For example, a failure of the production facility 40
0a, the machine control panel 40b, the information control panel 4
The failed part is displayed at 0c or the like, and the process control system client 20 is notified of the failure stop. In accordance with the notification, the process control system client 20 displays an operation information collection menu screen corresponding to the failure stop on the CRT 20d. On the other hand, the operator A recognizes that the production facility 40 has stopped due to a failure, confirms a failed portion, and the like, and then creates details of the operation status according to the operation information collection menu screen. Details of the operation for each of these collection categories will be described later.

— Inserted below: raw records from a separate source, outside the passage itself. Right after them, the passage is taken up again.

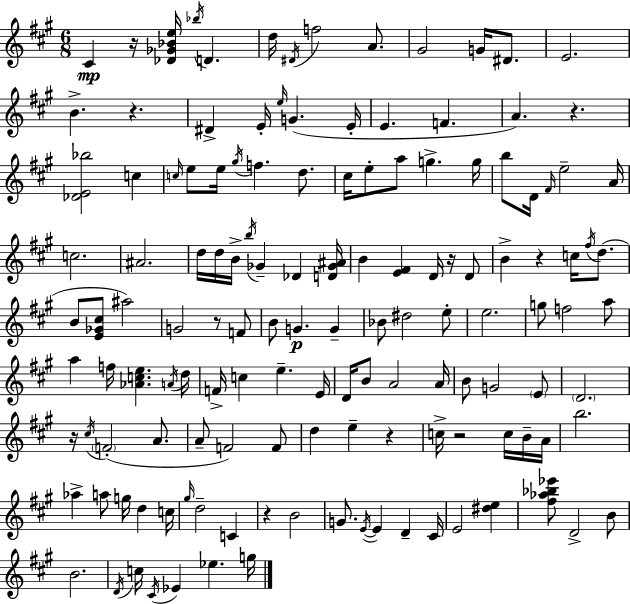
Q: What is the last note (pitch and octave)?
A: G5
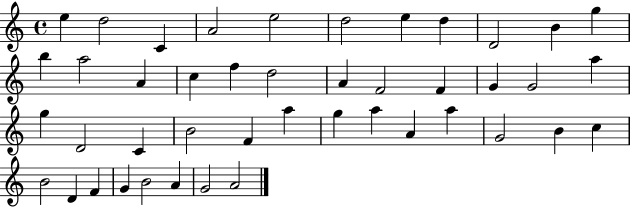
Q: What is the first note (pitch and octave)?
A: E5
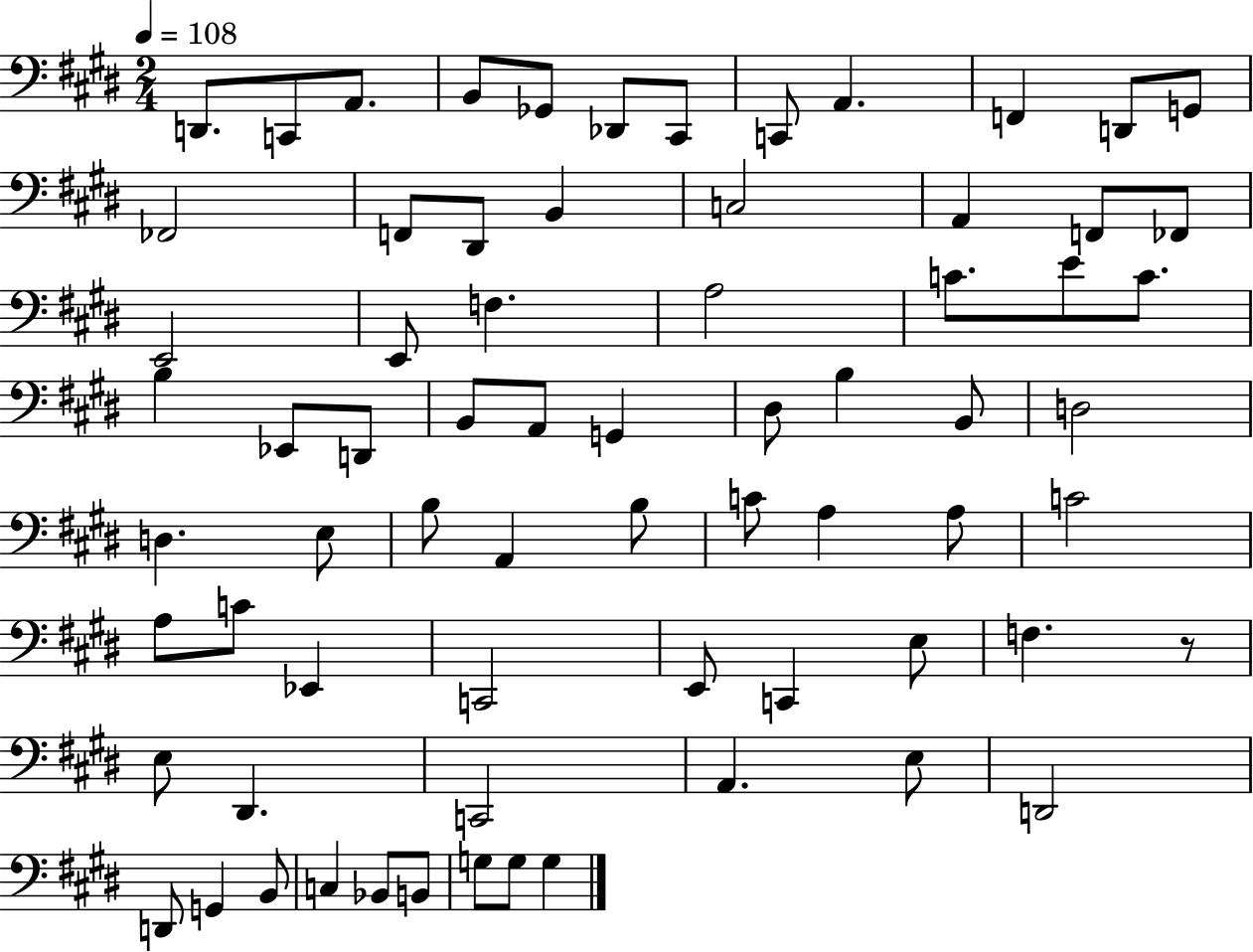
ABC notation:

X:1
T:Untitled
M:2/4
L:1/4
K:E
D,,/2 C,,/2 A,,/2 B,,/2 _G,,/2 _D,,/2 ^C,,/2 C,,/2 A,, F,, D,,/2 G,,/2 _F,,2 F,,/2 ^D,,/2 B,, C,2 A,, F,,/2 _F,,/2 E,,2 E,,/2 F, A,2 C/2 E/2 C/2 B, _E,,/2 D,,/2 B,,/2 A,,/2 G,, ^D,/2 B, B,,/2 D,2 D, E,/2 B,/2 A,, B,/2 C/2 A, A,/2 C2 A,/2 C/2 _E,, C,,2 E,,/2 C,, E,/2 F, z/2 E,/2 ^D,, C,,2 A,, E,/2 D,,2 D,,/2 G,, B,,/2 C, _B,,/2 B,,/2 G,/2 G,/2 G,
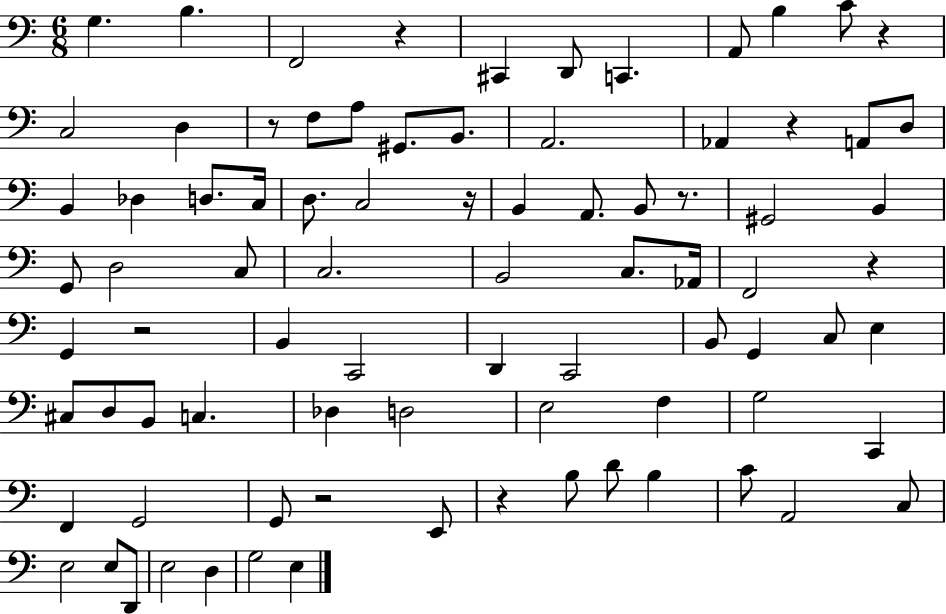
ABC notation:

X:1
T:Untitled
M:6/8
L:1/4
K:C
G, B, F,,2 z ^C,, D,,/2 C,, A,,/2 B, C/2 z C,2 D, z/2 F,/2 A,/2 ^G,,/2 B,,/2 A,,2 _A,, z A,,/2 D,/2 B,, _D, D,/2 C,/4 D,/2 C,2 z/4 B,, A,,/2 B,,/2 z/2 ^G,,2 B,, G,,/2 D,2 C,/2 C,2 B,,2 C,/2 _A,,/4 F,,2 z G,, z2 B,, C,,2 D,, C,,2 B,,/2 G,, C,/2 E, ^C,/2 D,/2 B,,/2 C, _D, D,2 E,2 F, G,2 C,, F,, G,,2 G,,/2 z2 E,,/2 z B,/2 D/2 B, C/2 A,,2 C,/2 E,2 E,/2 D,,/2 E,2 D, G,2 E,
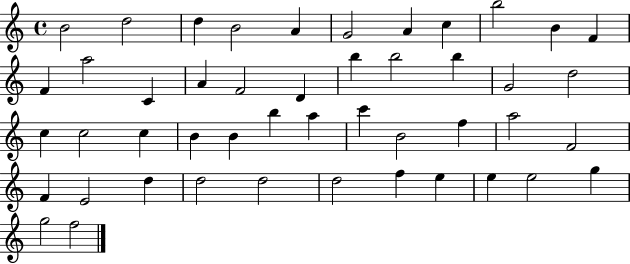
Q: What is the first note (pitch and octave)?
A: B4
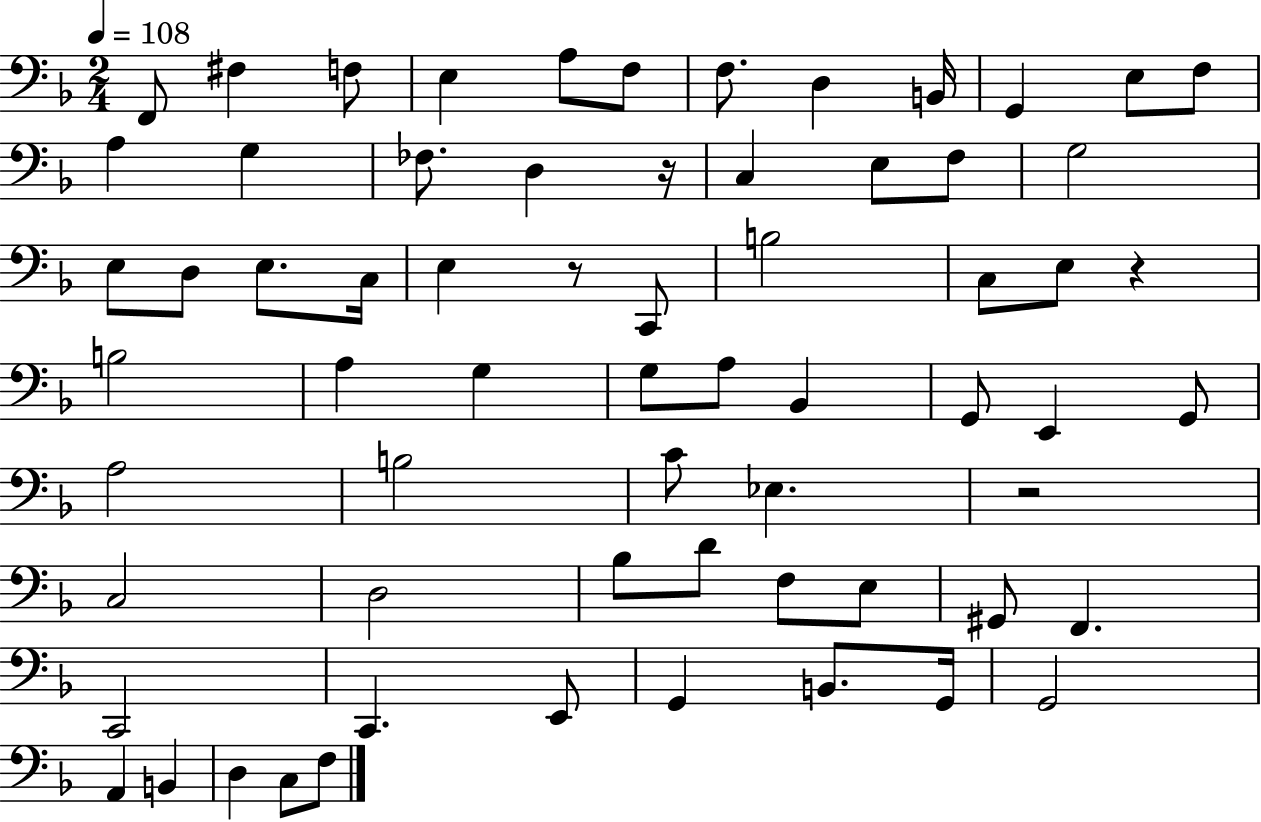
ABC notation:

X:1
T:Untitled
M:2/4
L:1/4
K:F
F,,/2 ^F, F,/2 E, A,/2 F,/2 F,/2 D, B,,/4 G,, E,/2 F,/2 A, G, _F,/2 D, z/4 C, E,/2 F,/2 G,2 E,/2 D,/2 E,/2 C,/4 E, z/2 C,,/2 B,2 C,/2 E,/2 z B,2 A, G, G,/2 A,/2 _B,, G,,/2 E,, G,,/2 A,2 B,2 C/2 _E, z2 C,2 D,2 _B,/2 D/2 F,/2 E,/2 ^G,,/2 F,, C,,2 C,, E,,/2 G,, B,,/2 G,,/4 G,,2 A,, B,, D, C,/2 F,/2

When the operator A requests the operation log to be modified, the production management person B
Of the operation log database can be referred to and corrected by the CRT 14d and the input device 14e. Also,
If necessary, the production management client 30
T30d, the operation master database 14a can be corrected by the input device 30e, and the production management server 1
Operation status data for referring to the operation information accumulated in the operation log database of No. 4, outputting various types of tabulations, lists, charts, etc., and modifying production plans and considering measures to improve the operation efficiency of production equipment. Can be provided.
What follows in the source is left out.